Et puis rappelons que tout est question de quantité : plus on achète de volume, moins c’est cher. Nous n’en sommes qu’au début, donc nous limitons les risques en prenant des quantités modérées pour le moment. Pour certains produits, c’est aussi dans le temps que le prix se verra baisser : à la première commande on peut avoir une réduction de 25 %, puis ensuite une réduction plus importante. Tout cela dépend de la politique des distributeurs.
Mais ce sont des éléments qui ne peuvent que s’améliorer. Et plus nous aurons de coopérateurs, plus nous pourrons faire baisser les prix à terme, moyennant un arbitrage de remboursement de nos dettes, car le supermarché a été construit avec des emprunts bancaires sur sept ans. C’est donc un joyeux mélange entre les besoins de trésorerie, l’embauche, le remboursement des dettes, etc. Nous avons besoin d’un peu de temps pour comprendre et gérer la situation au mieux… Le taux de marge est ce qui permet d’ajuster en cas de difficulté.

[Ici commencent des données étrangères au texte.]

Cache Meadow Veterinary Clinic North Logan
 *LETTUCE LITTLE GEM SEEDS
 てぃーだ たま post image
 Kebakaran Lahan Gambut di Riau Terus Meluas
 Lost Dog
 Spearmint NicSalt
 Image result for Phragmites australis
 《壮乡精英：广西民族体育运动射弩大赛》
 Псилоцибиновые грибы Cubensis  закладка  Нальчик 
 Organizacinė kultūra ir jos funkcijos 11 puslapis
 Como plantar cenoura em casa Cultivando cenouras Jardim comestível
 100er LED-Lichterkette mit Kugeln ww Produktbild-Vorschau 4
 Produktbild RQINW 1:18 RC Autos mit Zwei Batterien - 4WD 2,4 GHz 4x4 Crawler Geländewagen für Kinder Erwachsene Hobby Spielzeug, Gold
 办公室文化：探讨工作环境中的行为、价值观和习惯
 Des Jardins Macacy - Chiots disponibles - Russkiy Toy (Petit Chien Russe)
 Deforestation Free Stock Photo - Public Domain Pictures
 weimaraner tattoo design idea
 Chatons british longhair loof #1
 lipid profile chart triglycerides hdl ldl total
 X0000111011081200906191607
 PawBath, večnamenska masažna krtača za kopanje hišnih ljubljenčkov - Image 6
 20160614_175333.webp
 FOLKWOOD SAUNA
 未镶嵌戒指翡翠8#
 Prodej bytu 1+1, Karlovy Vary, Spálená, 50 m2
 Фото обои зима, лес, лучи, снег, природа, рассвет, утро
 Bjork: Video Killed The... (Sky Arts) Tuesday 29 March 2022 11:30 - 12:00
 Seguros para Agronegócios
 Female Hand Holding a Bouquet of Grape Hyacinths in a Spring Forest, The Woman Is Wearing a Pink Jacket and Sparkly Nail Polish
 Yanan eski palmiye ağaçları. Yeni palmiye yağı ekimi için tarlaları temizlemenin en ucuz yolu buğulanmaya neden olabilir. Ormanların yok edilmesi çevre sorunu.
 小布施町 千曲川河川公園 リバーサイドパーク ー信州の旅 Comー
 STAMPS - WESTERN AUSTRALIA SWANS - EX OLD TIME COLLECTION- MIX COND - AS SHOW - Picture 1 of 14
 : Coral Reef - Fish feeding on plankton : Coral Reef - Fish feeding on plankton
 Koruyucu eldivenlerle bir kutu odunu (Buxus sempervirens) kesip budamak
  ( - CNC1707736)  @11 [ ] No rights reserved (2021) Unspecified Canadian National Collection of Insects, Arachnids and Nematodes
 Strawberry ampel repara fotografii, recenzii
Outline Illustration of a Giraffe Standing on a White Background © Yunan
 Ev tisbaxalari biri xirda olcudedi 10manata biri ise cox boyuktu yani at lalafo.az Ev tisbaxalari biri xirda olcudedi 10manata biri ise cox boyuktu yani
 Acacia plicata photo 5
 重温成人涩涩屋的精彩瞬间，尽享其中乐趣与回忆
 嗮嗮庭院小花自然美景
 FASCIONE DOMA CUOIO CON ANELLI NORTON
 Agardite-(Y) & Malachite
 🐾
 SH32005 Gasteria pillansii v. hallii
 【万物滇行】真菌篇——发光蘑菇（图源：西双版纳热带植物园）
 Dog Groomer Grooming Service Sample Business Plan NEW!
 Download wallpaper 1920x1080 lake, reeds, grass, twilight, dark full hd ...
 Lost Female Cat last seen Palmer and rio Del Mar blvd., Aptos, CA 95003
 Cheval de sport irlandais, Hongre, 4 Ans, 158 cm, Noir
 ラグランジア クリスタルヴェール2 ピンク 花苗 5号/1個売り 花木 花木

Quelles sont les conditions salariales des employés ?

Notre salaire a été établi à 1,5 SMIC par mois, c’est-à-dire 1664 € net, ce qui est très peu quand on vit à Paris, surtout pour les horaires que nous faisons… Nous allons adhérer à la FNCC (fédération nationale des coopératives de consommateurs), qui a sa propre convention collective et prévoit un treizième mois. Mais il faut être sûrs de pouvoir l’assumer à la fin de l’année ! L’évolution des salaires pourra être discutée en AG et en fonction de la bonne santé financière du supermarché, dans une limite extrêmement raisonnable cependant. Nous vivons ce métier un peu comme un sacerdoce !

Finalement, La Louve, c’est un peu un modèle de démocratie !

On peut dire cela, oui, à l’échelle de quelques milliers de personnes ! En effet, tous les membres ont une voix égale, les votes se font à la majorité absolue, toutes les demandes sont écoutées à condition qu’elles soient construites et réalisables. Les gens ont conscience de travailler au magasin pour la communauté, et nous leur devons une transparence totale sur le fonctionnement du supermarché. Il y a bien sûr une hiérarchie dans l’implication selon la vie des gens, mais tout le monde est invité à participer aux décisions prises en AG.
L’autre particularité que je tiens à souligner, c’est notre volonté de neutralité, de laisser le consommateur réellement libre de ses choix : vous ne trouverez pas de marketing à la Louve. Pas de têtes de gondole pour inciter à la consommation, orienter les habitudes d’achat et créer de nouveaux besoins… C’est aussi le refus de ce genre de pratique qui nous anime.